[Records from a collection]
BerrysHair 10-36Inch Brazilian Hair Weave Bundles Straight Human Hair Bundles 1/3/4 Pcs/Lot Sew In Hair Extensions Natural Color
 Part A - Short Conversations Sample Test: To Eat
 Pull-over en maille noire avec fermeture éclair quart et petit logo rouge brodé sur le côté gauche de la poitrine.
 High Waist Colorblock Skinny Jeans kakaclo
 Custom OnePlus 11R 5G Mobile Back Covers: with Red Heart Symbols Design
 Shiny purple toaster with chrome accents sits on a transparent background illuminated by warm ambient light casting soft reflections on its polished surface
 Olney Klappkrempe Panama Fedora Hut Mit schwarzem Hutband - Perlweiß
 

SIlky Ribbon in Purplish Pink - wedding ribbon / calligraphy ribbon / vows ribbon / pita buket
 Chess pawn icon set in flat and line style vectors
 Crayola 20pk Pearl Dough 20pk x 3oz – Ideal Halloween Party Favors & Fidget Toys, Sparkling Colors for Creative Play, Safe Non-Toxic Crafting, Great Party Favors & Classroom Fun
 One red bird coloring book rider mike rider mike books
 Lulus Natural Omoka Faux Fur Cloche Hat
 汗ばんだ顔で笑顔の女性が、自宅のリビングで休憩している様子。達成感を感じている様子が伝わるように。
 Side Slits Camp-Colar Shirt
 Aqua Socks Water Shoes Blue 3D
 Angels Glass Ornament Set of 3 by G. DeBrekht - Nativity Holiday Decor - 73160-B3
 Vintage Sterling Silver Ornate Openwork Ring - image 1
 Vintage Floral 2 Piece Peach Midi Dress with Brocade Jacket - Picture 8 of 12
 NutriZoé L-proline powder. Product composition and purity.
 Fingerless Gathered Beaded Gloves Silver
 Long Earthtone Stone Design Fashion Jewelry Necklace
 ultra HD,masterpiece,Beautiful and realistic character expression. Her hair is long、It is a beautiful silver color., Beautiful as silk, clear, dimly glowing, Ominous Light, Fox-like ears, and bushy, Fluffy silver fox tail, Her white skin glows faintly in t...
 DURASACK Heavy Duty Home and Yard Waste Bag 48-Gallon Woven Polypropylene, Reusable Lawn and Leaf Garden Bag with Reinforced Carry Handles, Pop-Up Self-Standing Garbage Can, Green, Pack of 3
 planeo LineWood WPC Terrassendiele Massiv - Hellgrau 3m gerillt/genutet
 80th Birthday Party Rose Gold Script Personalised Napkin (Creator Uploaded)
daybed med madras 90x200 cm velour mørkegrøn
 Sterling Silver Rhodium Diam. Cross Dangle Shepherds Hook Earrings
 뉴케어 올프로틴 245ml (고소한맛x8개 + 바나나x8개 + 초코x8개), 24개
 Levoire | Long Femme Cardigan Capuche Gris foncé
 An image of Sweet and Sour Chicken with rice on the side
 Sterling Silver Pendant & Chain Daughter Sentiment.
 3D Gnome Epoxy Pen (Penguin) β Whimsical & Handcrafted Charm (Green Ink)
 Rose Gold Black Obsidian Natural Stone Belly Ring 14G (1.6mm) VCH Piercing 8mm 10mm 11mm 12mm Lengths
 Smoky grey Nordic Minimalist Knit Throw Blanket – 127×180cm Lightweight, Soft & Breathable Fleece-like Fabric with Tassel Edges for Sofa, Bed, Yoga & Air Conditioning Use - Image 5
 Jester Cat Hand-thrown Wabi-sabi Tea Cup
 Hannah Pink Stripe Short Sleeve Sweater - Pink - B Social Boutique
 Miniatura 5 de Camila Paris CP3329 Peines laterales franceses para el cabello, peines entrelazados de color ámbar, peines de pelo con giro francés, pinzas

> _Work request_
After reading the records above, transcribe them verbatim.

> _Response to the exercise_
BerrysHair 10-36Inch Brazilian Hair Weave Bundles Straight Human Hair Bundles 1/3/4 Pcs/Lot Sew In Hair Extensions Natural Color
 Part A - Short Conversations Sample Test: To Eat
 Pull-over en maille noire avec fermeture éclair quart et petit logo rouge brodé sur le côté gauche de la poitrine.
 High Waist Colorblock Skinny Jeans kakaclo
 Custom OnePlus 11R 5G Mobile Back Covers: with Red Heart Symbols Design
 Shiny purple toaster with chrome accents sits on a transparent background illuminated by warm ambient light casting soft reflections on its polished surface
 Olney Klappkrempe Panama Fedora Hut Mit schwarzem Hutband - Perlweiß
 

SIlky Ribbon in Purplish Pink - wedding ribbon / calligraphy ribbon / vows ribbon / pita buket
 Chess pawn icon set in flat and line style vectors
 Crayola 20pk Pearl Dough 20pk x 3oz – Ideal Halloween Party Favors & Fidget Toys, Sparkling Colors for Creative Play, Safe Non-Toxic Crafting, Great Party Favors & Classroom Fun
 One red bird coloring book rider mike rider mike books
 Lulus Natural Omoka Faux Fur Cloche Hat
 汗ばんだ顔で笑顔の女性が、自宅のリビングで休憩している様子。達成感を感じている様子が伝わるように。
 Side Slits Camp-Colar Shirt
 Aqua Socks Water Shoes Blue 3D
 Angels Glass Ornament Set of 3 by G. DeBrekht - Nativity Holiday Decor - 73160-B3
 Vintage Sterling Silver Ornate Openwork Ring - image 1
 Vintage Floral 2 Piece Peach Midi Dress with Brocade Jacket - Picture 8 of 12
 NutriZoé L-proline powder. Product composition and purity.
 Fingerless Gathered Beaded Gloves Silver
 Long Earthtone Stone Design Fashion Jewelry Necklace
 ultra HD,masterpiece,Beautiful and realistic character expression. Her hair is long、It is a beautiful silver color., Beautiful as silk, clear, dimly glowing, Ominous Light, Fox-like ears, and bushy, Fluffy silver fox tail, Her white skin glows faintly in t...
 DURASACK Heavy Duty Home and Yard Waste Bag 48-Gallon Woven Polypropylene, Reusable Lawn and Leaf Garden Bag with Reinforced Carry Handles, Pop-Up Self-Standing Garbage Can, Green, Pack of 3
 planeo LineWood WPC Terrassendiele Massiv - Hellgrau 3m gerillt/genutet
 80th Birthday Party Rose Gold Script Personalised Napkin (Creator Uploaded)
daybed med madras 90x200 cm velour mørkegrøn
 Sterling Silver Rhodium Diam. Cross Dangle Shepherds Hook Earrings
 뉴케어 올프로틴 245ml (고소한맛x8개 + 바나나x8개 + 초코x8개), 24개
 Levoire | Long Femme Cardigan Capuche Gris foncé
 An image of Sweet and Sour Chicken with rice on the side
 Sterling Silver Pendant & Chain Daughter Sentiment.
 3D Gnome Epoxy Pen (Penguin) β Whimsical & Handcrafted Charm (Green Ink)
 Rose Gold Black Obsidian Natural Stone Belly Ring 14G (1.6mm) VCH Piercing 8mm 10mm 11mm 12mm Lengths
 Smoky grey Nordic Minimalist Knit Throw Blanket – 127×180cm Lightweight, Soft & Breathable Fleece-like Fabric with Tassel Edges for Sofa, Bed, Yoga & Air Conditioning Use - Image 5
 Jester Cat Hand-thrown Wabi-sabi Tea Cup
 Hannah Pink Stripe Short Sleeve Sweater - Pink - B Social Boutique
 Miniatura 5 de Camila Paris CP3329 Peines laterales franceses para el cabello, peines entrelazados de color ámbar, peines de pelo con giro francés, pinzas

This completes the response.